Por Redacción
Por Hugo Borgna
El contrapunto viene de lejos y se muestra con renovada energía.
Los que piensan que la tendencia se manifiesta solo cuando el mensaje se dirige hacia un conjunto variado de personas (lectores no consecuentes), se equivocan.
El tema es elegir vocabulario para cada distinta ocasión y público.
Si se trata de hacer hablar sobre la obra de Borges o Cortázar se impone, necesariamente, un lenguaje bien cuidado, específico, para estar a la altura de autores que, como ellos, hicieron su arte con una muy cuidada elección de la palabra.
Para hablar de situaciones comunes y frecuentes parece estar descontado, de hecho, que el mensaje debe entenderse inmediatamente después de la primera lectura.
Pero el problema viene de más lejos. Desde el abundante transcurrir de la literatura en el hispano siglo de oro, donde Góngora y Quevedo se hacían notar mediante tendencias irreconciliables (partes las dos del barroco), existe una activa dualidad.
Como es fácil imaginar, ellos también estaban peleados en lo extra literario. Está abiertamente a la vista, y es difícil establecer, si la enemistad en la escritura se trasladó al ámbito de empatía personal, o si fue a la inversa, que la antipatía mutua se expresaba óptimamente mediante textos muchas veces agresivos.
Luis de Góngora y Argote describía así a las gallinas: “crestadas aves cuyo lascivo esposo nativo es del sol, nuncio canoro”, ejercitando de ese modo el culteranismo que, naturalmente, lo tenía a él como representante.
Francisco Gómez de Quevedo y Villegas y Santibáñez Cevallos hacía percibir de un modo cerrado los significados, llevando al máximo la síntesis propia del conceptismo: “Buscas en Roma a Roma, oh, peregrino, y en Roma misma, a Roma no la puedes hallar”.
Pérfido en su modo de ser, Quevedo se burló literariamente de Góngora y su culteranismo: “Quien quisiere ser culto en solo un día, la jeri -aprenderá- gonza siguiente: fulgores, arrogar, presiente, purpurada, conculca, argento…”
Bien, de este activo modo de ejercer la polémica, quedó la clasificación ya genérica de la escritura entre el modo simple y la complejidad de origen, modos inconciliables que no quieren amigarse.
Mucho de esta beligerancia de estilos sigue alimentando la comunicación.
No lo vamos a resolver salomónicamente (no se preocupen, lectores, no vamos a cortar libros por la mitad), pero sí podemos decir que el hecho de que exista dualidad en el decir mejora las posibilidades de escribir con relojera precisión.
Atendiendo a la esencia y contenido de cada texto, cada autor podrá ejercer el derecho de utilizar un estilo determinado: solamente hay que tener presente lo que cada modalidad sugiera –bien prudente y al oído- en el momento de tener que cerrar una oración.

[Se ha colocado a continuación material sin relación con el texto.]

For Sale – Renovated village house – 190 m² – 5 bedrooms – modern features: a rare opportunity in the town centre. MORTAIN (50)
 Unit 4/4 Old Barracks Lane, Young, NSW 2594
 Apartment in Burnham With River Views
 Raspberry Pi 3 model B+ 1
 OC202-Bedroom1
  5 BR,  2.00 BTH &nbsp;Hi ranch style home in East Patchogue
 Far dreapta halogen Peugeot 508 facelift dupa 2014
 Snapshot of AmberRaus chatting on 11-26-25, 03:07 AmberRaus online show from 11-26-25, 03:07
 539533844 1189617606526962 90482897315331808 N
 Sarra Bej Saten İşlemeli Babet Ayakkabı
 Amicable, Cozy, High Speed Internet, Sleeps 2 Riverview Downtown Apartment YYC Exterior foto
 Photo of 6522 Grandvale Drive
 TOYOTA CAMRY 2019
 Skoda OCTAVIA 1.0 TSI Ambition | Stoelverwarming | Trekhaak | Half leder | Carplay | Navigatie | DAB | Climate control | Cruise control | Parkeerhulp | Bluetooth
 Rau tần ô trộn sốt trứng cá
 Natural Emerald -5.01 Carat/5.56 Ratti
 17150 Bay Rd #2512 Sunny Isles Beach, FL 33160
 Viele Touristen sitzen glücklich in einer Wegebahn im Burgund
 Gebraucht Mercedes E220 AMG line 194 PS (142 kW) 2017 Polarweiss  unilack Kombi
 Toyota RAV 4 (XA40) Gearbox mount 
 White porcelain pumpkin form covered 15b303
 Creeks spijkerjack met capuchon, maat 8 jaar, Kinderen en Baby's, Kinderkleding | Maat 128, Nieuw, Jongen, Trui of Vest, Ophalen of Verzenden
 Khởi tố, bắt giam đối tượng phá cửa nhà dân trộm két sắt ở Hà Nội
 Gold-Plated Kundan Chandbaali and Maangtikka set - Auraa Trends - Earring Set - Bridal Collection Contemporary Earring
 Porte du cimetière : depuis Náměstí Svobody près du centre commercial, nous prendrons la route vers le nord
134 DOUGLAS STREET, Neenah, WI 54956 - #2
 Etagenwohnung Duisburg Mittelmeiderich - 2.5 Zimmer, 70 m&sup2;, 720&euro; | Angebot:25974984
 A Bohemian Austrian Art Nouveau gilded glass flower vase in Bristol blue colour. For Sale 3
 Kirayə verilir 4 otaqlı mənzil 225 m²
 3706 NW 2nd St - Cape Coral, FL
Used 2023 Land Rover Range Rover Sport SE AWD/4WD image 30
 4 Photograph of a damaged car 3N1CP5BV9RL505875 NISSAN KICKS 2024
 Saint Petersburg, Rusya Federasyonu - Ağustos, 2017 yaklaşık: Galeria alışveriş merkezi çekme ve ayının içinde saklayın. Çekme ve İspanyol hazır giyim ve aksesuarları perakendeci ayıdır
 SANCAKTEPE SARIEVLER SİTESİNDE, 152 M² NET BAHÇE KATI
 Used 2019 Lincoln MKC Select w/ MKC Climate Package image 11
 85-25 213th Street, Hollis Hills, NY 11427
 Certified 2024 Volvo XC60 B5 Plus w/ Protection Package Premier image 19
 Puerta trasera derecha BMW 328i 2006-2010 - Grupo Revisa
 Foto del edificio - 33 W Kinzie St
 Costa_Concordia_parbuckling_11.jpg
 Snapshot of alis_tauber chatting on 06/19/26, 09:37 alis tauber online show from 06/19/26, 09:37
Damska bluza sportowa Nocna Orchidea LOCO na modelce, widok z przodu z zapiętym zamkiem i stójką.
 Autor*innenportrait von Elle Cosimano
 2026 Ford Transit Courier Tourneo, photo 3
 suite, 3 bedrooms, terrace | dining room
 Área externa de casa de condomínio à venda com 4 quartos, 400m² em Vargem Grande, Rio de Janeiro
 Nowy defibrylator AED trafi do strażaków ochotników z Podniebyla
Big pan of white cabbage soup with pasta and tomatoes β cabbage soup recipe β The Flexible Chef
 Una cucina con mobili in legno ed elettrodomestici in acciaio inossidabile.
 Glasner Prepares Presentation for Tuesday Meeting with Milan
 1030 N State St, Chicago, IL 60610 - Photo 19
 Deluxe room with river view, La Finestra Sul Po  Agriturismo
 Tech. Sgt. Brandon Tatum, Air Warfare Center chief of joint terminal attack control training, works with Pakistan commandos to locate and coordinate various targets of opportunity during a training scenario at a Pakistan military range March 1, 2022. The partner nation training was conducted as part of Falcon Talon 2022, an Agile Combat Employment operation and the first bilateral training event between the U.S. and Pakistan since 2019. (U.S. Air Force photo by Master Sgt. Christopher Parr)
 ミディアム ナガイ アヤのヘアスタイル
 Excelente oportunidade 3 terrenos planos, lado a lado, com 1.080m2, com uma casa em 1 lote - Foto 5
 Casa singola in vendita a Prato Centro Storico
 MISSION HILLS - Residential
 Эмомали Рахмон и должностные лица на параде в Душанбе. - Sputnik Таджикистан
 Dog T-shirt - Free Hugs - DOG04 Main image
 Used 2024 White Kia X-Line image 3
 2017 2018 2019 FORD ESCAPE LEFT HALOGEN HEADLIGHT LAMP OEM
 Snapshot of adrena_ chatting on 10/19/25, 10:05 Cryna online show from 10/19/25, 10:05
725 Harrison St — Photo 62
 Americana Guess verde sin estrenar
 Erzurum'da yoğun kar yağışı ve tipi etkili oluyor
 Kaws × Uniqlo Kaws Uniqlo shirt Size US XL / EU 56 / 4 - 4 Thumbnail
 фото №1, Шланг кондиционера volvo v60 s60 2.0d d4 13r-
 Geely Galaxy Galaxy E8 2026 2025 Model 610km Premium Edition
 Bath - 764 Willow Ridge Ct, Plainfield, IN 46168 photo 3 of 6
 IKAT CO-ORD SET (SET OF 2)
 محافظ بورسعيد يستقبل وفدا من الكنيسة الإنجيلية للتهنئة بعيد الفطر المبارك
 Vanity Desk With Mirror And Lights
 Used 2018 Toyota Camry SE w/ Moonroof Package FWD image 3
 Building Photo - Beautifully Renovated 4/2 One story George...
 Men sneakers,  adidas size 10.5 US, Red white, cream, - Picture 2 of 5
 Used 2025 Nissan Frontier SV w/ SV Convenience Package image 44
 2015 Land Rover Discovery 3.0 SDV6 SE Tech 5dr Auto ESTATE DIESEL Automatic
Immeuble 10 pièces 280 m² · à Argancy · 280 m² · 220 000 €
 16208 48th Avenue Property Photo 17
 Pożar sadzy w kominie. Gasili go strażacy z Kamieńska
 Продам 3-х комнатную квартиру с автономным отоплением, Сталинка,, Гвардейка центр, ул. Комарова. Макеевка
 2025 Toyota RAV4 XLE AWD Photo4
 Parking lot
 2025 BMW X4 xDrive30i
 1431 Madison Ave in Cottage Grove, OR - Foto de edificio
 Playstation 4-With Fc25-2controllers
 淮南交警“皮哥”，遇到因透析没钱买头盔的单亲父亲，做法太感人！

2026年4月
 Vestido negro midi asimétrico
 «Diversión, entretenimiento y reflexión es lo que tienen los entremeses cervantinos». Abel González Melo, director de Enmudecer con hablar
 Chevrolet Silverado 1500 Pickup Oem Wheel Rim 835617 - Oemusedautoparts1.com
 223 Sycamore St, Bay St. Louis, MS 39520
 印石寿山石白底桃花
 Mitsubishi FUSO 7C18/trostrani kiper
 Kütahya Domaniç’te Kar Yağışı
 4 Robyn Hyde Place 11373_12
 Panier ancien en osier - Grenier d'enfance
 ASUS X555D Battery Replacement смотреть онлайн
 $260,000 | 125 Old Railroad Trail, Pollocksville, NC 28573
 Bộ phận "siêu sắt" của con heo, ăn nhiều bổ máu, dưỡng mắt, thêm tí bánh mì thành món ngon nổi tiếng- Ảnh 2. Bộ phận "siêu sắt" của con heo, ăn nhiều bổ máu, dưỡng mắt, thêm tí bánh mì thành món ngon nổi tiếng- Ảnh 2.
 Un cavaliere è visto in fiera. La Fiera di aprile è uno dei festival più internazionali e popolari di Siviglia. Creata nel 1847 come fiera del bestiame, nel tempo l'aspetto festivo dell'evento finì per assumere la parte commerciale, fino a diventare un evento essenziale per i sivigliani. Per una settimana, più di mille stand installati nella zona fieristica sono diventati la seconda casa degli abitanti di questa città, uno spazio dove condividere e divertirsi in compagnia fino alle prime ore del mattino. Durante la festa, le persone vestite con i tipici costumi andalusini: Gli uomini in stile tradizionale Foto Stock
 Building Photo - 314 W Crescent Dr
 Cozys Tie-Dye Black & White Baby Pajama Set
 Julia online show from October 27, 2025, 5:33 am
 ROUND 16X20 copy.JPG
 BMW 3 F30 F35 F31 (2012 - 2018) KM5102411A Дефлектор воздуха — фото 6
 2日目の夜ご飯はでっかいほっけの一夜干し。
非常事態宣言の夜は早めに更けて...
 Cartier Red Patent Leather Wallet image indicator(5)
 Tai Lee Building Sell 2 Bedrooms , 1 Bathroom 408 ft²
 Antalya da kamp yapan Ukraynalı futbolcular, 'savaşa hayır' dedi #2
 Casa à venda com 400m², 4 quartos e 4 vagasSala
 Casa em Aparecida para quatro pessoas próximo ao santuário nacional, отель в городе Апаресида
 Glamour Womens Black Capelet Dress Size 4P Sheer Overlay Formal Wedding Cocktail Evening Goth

Cada modo es la posibilidad de cada autor de sentirse más cómodo al expresarse, superando la permanente tendencia a complejizar los textos, cuando se presupone que los contenidos son “importantes” y, por eso, merecen ser tratados respetuosamente de “usted” en lugar del “vos”, que sí resulta más apropiado para expresar afecto. Pero aún con estas aclaraciones, nacidas de modos habitados por insistentes prejuicios, no se resuelve la cuestión.
Y sí, hay una sugerencia final.
Recordar a quienes escriban que los textos deben mostrar el óptimo resultado del encuentro, con equilibrio y riqueza, entre el oficio y el sentir profundo.